WHAT NEEDS TO BE DONE:
The listing below contains a span that opens with the line containing "V480606 Vaico Radiator hose" and closes with the line containing "4/117 Rouse Street, Port Melbourne, VIC". Return that span exactly.
————
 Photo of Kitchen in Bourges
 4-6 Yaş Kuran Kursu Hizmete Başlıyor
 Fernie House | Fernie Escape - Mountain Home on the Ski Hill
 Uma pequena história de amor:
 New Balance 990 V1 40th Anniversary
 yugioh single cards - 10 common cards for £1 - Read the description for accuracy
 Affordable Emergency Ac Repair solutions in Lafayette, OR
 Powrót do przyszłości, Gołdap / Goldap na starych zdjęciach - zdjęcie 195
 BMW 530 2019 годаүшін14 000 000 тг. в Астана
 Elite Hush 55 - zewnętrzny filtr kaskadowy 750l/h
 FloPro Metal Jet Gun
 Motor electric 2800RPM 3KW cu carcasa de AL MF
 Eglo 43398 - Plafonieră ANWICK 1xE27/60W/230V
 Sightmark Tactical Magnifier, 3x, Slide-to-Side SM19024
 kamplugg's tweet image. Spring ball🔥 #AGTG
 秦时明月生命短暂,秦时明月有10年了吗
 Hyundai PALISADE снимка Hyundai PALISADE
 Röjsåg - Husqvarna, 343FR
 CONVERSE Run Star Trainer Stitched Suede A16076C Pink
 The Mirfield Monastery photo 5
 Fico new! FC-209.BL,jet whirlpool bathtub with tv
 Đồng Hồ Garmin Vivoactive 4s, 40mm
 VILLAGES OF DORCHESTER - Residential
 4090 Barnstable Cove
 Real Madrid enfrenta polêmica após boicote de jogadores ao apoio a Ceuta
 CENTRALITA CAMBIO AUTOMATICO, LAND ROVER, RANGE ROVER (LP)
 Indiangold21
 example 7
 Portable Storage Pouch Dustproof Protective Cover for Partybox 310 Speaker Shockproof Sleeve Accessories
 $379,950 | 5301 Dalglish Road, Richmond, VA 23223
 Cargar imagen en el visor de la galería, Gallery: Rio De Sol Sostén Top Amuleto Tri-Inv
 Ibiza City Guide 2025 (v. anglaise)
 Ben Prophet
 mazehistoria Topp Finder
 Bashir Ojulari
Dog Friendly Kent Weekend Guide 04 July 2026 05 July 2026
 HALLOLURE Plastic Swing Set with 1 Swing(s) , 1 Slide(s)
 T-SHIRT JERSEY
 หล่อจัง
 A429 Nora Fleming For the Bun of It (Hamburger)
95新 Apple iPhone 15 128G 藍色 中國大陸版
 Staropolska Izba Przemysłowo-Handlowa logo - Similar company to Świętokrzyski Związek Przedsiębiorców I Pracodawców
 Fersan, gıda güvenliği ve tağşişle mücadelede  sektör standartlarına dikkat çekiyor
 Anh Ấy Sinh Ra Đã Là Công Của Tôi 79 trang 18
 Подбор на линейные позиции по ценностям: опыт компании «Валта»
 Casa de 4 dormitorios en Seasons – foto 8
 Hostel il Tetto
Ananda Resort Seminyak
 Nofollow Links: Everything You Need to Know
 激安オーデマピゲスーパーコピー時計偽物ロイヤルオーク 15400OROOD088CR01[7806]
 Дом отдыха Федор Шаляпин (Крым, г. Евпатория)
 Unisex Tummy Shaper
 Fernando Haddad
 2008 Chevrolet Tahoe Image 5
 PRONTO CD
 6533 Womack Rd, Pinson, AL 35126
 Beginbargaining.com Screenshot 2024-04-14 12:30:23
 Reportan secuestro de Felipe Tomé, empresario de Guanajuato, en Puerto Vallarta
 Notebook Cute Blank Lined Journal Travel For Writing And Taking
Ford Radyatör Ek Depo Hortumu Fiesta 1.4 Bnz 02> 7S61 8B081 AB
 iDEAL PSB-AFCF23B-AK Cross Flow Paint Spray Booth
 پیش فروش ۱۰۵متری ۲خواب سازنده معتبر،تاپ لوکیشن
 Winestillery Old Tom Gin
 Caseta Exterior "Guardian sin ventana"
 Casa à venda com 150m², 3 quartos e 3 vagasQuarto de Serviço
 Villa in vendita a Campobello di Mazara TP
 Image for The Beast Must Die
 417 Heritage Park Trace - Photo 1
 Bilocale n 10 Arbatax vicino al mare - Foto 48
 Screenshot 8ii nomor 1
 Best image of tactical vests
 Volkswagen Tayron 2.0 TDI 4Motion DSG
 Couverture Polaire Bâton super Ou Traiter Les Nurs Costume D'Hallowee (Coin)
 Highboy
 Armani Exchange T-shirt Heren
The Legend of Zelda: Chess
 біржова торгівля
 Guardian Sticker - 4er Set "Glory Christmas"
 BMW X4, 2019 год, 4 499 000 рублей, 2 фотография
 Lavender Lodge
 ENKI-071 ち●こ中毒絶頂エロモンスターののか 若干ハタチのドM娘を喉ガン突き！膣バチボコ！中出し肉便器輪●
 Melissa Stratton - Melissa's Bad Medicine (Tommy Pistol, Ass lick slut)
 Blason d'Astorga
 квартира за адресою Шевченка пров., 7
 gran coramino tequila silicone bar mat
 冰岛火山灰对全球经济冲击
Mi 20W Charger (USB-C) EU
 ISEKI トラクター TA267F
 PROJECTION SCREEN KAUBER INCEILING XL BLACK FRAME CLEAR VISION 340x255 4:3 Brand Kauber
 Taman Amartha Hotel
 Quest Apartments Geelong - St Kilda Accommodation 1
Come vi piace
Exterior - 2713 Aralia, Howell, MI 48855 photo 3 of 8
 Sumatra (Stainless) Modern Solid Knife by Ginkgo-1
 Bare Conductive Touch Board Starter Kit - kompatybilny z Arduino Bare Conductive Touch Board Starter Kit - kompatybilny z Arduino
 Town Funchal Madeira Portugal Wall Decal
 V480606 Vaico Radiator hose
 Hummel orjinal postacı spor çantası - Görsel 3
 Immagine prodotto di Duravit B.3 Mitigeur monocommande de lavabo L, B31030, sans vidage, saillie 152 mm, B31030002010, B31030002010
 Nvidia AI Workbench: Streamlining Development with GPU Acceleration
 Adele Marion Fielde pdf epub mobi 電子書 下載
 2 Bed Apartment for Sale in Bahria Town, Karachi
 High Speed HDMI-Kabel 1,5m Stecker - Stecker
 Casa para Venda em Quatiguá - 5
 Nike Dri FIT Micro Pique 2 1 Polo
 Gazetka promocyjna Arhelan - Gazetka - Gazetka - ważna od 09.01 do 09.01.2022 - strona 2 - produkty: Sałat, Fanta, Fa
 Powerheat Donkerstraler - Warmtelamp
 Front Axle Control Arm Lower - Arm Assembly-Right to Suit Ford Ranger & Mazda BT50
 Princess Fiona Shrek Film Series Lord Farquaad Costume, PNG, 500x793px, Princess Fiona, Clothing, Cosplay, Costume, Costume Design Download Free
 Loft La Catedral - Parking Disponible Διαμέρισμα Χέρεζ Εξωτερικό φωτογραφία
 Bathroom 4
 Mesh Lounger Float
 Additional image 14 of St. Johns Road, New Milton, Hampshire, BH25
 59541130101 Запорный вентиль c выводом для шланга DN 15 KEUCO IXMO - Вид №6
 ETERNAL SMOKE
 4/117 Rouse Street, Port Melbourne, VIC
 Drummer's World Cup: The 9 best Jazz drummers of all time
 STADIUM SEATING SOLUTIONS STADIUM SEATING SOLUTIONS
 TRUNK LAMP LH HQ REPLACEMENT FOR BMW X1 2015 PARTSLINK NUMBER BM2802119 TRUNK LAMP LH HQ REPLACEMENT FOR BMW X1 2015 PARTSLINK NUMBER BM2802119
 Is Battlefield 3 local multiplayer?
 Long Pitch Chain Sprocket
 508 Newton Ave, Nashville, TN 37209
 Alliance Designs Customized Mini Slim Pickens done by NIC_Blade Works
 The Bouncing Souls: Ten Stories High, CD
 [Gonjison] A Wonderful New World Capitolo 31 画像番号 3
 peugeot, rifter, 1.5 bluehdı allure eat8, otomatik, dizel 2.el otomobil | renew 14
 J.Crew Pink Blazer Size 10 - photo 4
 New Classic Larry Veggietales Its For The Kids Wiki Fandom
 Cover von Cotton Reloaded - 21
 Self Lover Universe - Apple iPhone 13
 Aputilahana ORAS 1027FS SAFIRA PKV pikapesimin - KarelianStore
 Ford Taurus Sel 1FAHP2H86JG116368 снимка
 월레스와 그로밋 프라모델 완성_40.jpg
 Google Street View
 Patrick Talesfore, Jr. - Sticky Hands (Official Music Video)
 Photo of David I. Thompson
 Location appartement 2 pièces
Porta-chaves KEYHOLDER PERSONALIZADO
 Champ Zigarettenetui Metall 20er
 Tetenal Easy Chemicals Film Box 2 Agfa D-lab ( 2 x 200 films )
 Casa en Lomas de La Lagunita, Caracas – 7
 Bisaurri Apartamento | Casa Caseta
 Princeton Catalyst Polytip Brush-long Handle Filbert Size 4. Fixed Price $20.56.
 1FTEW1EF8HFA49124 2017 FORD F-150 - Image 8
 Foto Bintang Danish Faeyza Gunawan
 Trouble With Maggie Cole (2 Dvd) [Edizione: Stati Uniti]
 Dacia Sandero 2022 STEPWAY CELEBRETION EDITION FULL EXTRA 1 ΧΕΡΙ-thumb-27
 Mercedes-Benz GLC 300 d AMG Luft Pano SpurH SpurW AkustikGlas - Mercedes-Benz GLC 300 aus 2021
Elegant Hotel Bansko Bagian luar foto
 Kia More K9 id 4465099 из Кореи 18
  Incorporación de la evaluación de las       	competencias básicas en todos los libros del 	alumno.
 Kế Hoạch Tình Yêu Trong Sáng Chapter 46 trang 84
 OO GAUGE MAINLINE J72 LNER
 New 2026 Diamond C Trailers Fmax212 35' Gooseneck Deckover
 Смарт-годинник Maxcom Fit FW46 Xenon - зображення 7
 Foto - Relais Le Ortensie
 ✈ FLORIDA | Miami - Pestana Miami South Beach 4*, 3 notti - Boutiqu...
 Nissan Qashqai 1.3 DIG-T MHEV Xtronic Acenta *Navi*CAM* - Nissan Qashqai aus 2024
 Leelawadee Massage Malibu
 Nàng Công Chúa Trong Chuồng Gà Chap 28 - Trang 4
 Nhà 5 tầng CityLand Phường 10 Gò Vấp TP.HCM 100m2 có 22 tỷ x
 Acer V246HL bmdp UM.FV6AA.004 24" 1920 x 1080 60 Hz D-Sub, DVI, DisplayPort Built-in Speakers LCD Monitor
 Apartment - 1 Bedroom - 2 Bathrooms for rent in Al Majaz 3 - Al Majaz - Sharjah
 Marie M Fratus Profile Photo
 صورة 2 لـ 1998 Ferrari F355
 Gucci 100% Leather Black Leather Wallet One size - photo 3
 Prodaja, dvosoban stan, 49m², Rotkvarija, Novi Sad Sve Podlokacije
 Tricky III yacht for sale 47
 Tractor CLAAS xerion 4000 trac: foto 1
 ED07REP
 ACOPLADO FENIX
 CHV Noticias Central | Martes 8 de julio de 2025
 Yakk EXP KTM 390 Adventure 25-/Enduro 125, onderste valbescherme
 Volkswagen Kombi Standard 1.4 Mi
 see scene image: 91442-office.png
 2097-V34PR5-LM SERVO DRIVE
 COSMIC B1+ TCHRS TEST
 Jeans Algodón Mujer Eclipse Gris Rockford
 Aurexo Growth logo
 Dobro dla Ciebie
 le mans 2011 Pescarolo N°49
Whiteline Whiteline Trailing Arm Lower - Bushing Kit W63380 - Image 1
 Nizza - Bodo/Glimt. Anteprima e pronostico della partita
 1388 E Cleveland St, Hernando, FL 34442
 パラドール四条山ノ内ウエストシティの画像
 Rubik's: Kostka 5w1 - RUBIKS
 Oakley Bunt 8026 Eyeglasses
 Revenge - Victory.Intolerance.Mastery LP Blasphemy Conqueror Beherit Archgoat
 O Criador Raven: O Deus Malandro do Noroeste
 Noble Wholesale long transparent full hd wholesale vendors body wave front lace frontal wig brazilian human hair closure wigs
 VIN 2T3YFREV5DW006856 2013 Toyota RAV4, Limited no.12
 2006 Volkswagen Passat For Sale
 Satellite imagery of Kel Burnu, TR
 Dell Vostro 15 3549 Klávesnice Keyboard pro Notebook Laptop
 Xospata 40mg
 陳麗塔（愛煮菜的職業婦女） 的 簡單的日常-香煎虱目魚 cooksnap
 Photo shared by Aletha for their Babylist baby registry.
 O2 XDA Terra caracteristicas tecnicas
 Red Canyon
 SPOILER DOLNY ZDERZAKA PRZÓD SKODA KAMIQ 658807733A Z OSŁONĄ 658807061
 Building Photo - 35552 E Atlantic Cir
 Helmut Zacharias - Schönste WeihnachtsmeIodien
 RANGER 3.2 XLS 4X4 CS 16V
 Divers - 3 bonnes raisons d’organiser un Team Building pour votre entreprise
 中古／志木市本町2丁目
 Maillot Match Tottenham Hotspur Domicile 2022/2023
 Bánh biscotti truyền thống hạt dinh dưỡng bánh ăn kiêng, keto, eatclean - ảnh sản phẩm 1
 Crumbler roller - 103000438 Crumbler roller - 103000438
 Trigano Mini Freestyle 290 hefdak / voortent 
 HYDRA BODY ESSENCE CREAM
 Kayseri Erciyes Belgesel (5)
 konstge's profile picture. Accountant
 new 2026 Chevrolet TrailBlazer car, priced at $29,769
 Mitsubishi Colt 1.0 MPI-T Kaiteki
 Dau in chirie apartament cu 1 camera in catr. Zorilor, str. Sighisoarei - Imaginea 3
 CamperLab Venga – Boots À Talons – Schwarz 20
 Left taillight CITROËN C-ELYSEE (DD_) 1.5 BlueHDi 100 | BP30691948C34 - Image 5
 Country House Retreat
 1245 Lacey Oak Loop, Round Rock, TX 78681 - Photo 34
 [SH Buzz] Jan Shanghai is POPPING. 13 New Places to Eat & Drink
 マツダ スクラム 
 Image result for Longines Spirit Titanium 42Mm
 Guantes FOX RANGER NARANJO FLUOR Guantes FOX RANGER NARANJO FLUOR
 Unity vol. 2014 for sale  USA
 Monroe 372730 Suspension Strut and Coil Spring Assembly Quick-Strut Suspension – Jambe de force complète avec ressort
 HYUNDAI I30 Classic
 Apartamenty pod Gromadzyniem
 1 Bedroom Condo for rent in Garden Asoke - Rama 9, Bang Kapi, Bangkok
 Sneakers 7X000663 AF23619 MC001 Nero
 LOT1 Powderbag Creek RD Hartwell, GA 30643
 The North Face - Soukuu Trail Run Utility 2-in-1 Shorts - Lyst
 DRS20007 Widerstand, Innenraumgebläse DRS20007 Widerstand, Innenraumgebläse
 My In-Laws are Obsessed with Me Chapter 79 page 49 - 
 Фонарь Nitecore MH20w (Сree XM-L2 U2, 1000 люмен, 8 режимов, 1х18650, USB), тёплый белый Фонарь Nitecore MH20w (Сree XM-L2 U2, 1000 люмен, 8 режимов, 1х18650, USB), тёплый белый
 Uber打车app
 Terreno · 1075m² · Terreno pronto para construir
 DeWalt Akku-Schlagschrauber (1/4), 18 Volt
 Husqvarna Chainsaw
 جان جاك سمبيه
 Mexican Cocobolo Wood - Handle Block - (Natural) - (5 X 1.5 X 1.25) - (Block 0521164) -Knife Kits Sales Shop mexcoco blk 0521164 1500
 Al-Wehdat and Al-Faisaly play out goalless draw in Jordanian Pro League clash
————
RESPONSE TO THIS EXERCISE:
 V480606 Vaico Radiator hose
 Hummel orjinal postacı spor çantası - Görsel 3
 Immagine prodotto di Duravit B.3 Mitigeur monocommande de lavabo L, B31030, sans vidage, saillie 152 mm, B31030002010, B31030002010
 Nvidia AI Workbench: Streamlining Development with GPU Acceleration
 Adele Marion Fielde pdf epub mobi 電子書 下載
 2 Bed Apartment for Sale in Bahria Town, Karachi
 High Speed HDMI-Kabel 1,5m Stecker - Stecker
 Casa para Venda em Quatiguá - 5
 Nike Dri FIT Micro Pique 2 1 Polo
 Gazetka promocyjna Arhelan - Gazetka - Gazetka - ważna od 09.01 do 09.01.2022 - strona 2 - produkty: Sałat, Fanta, Fa
 Powerheat Donkerstraler - Warmtelamp
 Front Axle Control Arm Lower - Arm Assembly-Right to Suit Ford Ranger & Mazda BT50
 Princess Fiona Shrek Film Series Lord Farquaad Costume, PNG, 500x793px, Princess Fiona, Clothing, Cosplay, Costume, Costume Design Download Free
 Loft La Catedral - Parking Disponible Διαμέρισμα Χέρεζ Εξωτερικό φωτογραφία
 Bathroom 4
 Mesh Lounger Float
 Additional image 14 of St. Johns Road, New Milton, Hampshire, BH25
 59541130101 Запорный вентиль c выводом для шланга DN 15 KEUCO IXMO - Вид №6
 ETERNAL SMOKE
 4/117 Rouse Street, Port Melbourne, VIC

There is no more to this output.